His boss didn’t tell him exactly what she was looking for, but, as a good assistant, he should have some idea of what she could be after, even without any context. If he can’t guess which presentation she had in mind, then he should at least be able to come up with a handful of possibilities.
He starts thinking. Could she want the slides for one of the meetings she’s going to that day? He looks up her calendar. She has her monthly meeting with the Research and Development team at 11am, and the R&D director is going to present some slides. That could be it. At 1pm, she has an investor meeting, where she’s going to need the pitch deck. That seems like a plausible candidate. But she also has a sales meeting later that afternoon, and she’s been collaborating with her product manager on a sales presentation. That might be it, too. Given all he knows about his boss’ context and needs, he is able to come up with a few reasonable possibilities for which slides “those slides” were.
This is just a regular day in the life of a good “human” assistant. They have to know the work-lives of their bosses, their bosses’ preferences, and their bosses’ ways of asking for things.

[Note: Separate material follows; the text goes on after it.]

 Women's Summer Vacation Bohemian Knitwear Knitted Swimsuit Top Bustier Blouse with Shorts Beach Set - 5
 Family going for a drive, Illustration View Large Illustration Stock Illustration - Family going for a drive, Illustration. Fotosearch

They’re also expected to understand poorly articulated requests and anticipate needs before those needs are explicitly made known.
So, if we already require this level of performance from human assistants, then why should our expectations for an AI-based work assistant be any lower? If anything, there are limits to how much a human assistant can anticipate his boss’ needs—limits by which AI work assistants aren’t necessarily constrained.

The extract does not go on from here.